After a similar experience in March, I still don't remember anything from that day, I wear my FF on every ride.


----------



## jsg (May 26, 2005)

mtbmonk said:


> Glad to see and hear you're on the mend! Just curious, what was the trail condition or stunt that caused you to go over the bars? A while back I got off pretty bad because I was riding way over my head. (Ego) I have since back off and I'm trying to relearn what I have unlearned. The funny thing is that now I'm enjoying the ride so much more.
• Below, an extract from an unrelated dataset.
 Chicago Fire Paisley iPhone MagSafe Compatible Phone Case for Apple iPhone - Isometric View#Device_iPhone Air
I was riding a really tame log ride. I think I went off the side, but of course I still do not remember.


----------



## macdaddyg2006 (Jun 8, 2006)

So does jsg wear a full face now? Just curious. 

Signed: Mr Paranoid Worrier. Not to mention concerned about what others think. 
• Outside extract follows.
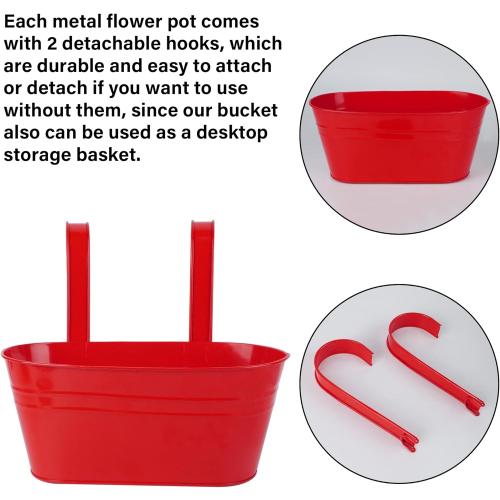 5 Pcs Hanging Flower Pot, Metal Iron Bucket Fence Hanging Planters for Outdoor Plants, Planter Box with Detachable Hooks for Railing Balcony Garden Yard
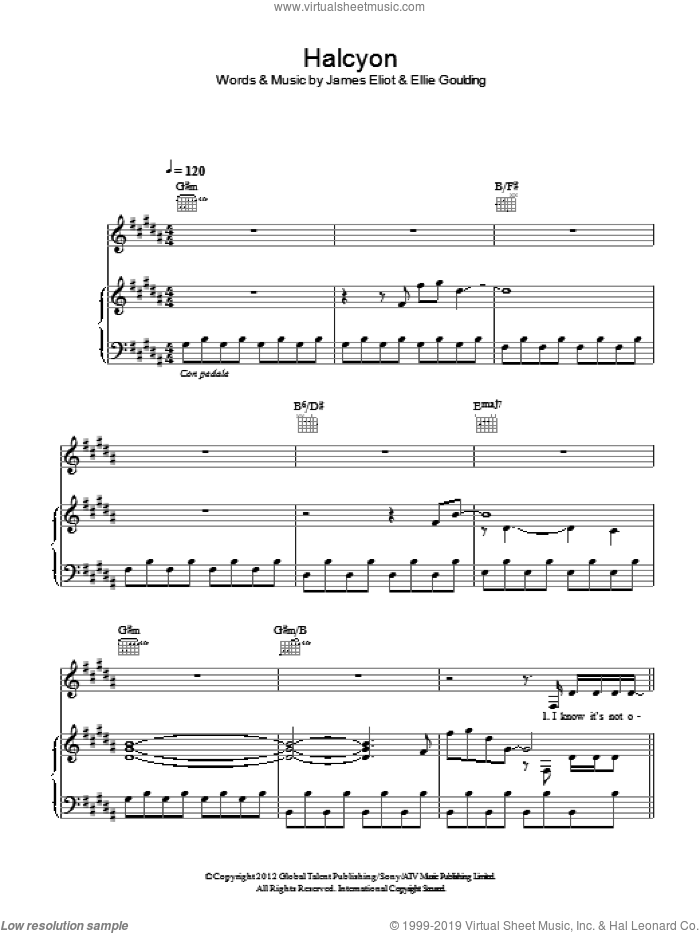 Halcyon sheet music for voice, piano or guitar by Ellie Goulding and James Eliot, intermediate skill level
PS - Actually i tried to buy a deviant lid at a bike shop but the guy told me that you would be the only kook in the santa monicas wearing a full face and beside there are no returns on the helmet.


----------



## Mongol (Jan 14, 2004)

dude. That looked brutal. Glad you recovered. Now get back out there. :thumbsup:


----------



## gopriest31 (Sep 17, 2004)

*Not Fun*

Ouch! Best wishes to you

I'm a multiple concussion guy- I've had at least 6 as an adult that I can be sure of, most likely several more. I was a bmx er as a kid and drove sprint cars as an adult for years. Ive had my tumbles and have been knocked out more than once. Most recently, I was in a serious passsenger car accident. My head went through the passenger side window after a major side impact.
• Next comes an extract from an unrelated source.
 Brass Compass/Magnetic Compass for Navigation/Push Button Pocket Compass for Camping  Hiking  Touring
Im 40 now and the most recent happened when I was 39. Took a LONG time to recover fully from the last one. I still have some lingering issues. This is not about me, but I would only suggest that you be sure to be diligent in your follow up. Dont let anyone minimize the seriousness of a closed head injury.

Gettin old blows!
Good luck to you!


----------



## elcocopeli (Jun 13, 2009)

Funny. It's always the tiniest, stupidest tricks that result in the most serious injury.

I knew a guy who broke his clavicle when he fell IN THE PARKING LOT after unloading his bike from the rack and riding in a circle to get clipped in.

And myself, after about 20 years of riding and crazy stunts, I finally broke my hand on a tiny BMX hill while showing off for a friend. 

When the mind isn't prepared, the body clumsily follows.


----------



## JBarn (Jan 7, 2010)

Wow. I know how things can happen in the easy stuff. I just flipped over the bars 50 ft from the end of the trail at the end of a 18 mile ride last Thursday. Didn't black out, but I couldn't breath for two minutes....going to the doctor today to see when I should be ok to workout again. My neck muscles are still a mess.
6 weeks to the Mohican 100. This was suppose to be my peak training time...might have to switch to the 100k.


----------



## TX_Shifter (Aug 14, 2007)

derockus said:


> you know what sucks? that we all feel like n00bs when we want to wear full-face gear. i messed my leg up recently and I had considered wearing shin/knee guards before that but didn't because "i'd look like a pus*y". man, isn't that the dumbest thing we've ever thought?? and come to think of it, everytime i've seen dudes that are all geared up i _actually _thought "shi*, that guy must be a _baller_!" i want to get nasty on the trail, and i bet a full-face dome piece would help me get raw. but i don't want to get judged. *how do we break the cycle?!??![/*QUOTE]
> 
> Who give a F what others think! Do what is best for you at your point of view :thumbsup:


----------